2.7 Immunofluorescence staining

Paraffin sections, dewaxing and rehydration of paraffin sections, antigen repair, blocking endogenous peroxidase, BSA blocking, and primary antibody incubation were performed as previously mentioned. For cell creep, cells were cleaned with PBS and fixed at room temperature for 20–30 min using 4% paraformaldehyde. Further washing with PBS and permeabilizing the film with 0.1%–0.5% Triton X-100 was conducted for 15–20 min. Cells/Tissues were blocked with 5% BSA and then incubated with primary antibodies Nrp1 (Abcam, The United States), Sema3A (Abcam, The United States), ALP (Servicebio, China) at 4°C overnight. After washing with PBS, fluorescent secondary antibodies were added to the tissue and incubated for 1 h at room temperature while shielding from light. Further washing with PBS and DAPI dye staining for 3–5 min was carried out. After additional washing with PBS, anti-fluorescence quenching tablet seals were performed.

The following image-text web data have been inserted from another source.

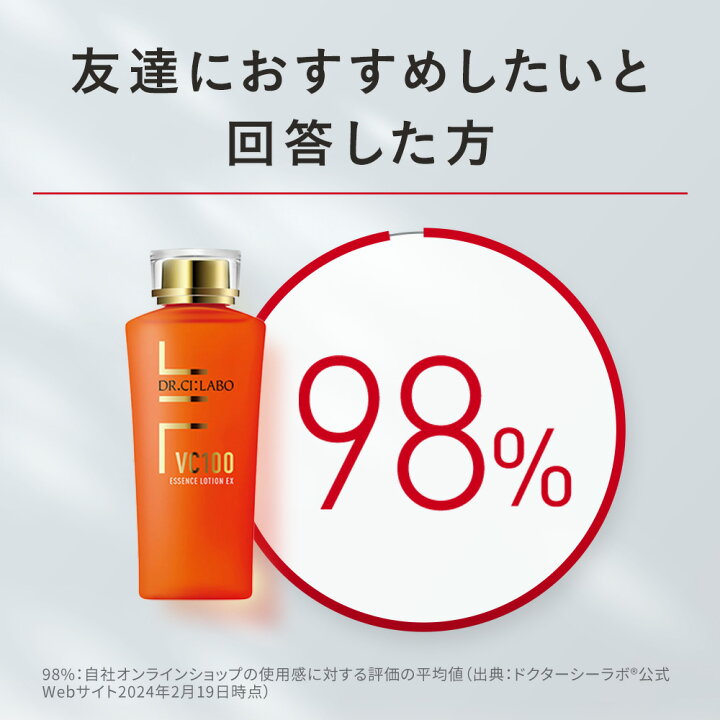 楽天市場】【P10倍☆~11/11 01:59】送料無料&正規品 【公式 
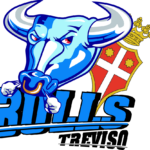 Bulls Treviso FBC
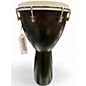 Used Remo Advent Djembe Djembe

2.8 Isolation and culture of mouse primary DRGs cells

C57BL/6 mice at 4 weeks were sacrificed, and the dorsal root ganglion (DRG) was extracted using micro forceps and micro scissors and placed in αMEM medium. Then DRG was digested in collagenase IV (1 mg/mL) (biofoxx, Germany) for 30 min, centrifuged at 1000 r/min for 5 min, and the supernatant was removed. The DRG was further digested in 0.05% trypsin at 37°C for 30 min. The cells were then cultured for 24–48 h with the medium being changed for the first time and 10 μM cytarabine added to inhibit the proliferation of heterocells. The dorsal root ganglion cells (DRGs) could be seen climbing out of the adherent tissue about 3 days later. Furthermore, the tissue suspension could be directly inoculated into the upper chamber of Transwell with a filtration membrane diameter of 0.8 μm for co-culture with BMMSCs.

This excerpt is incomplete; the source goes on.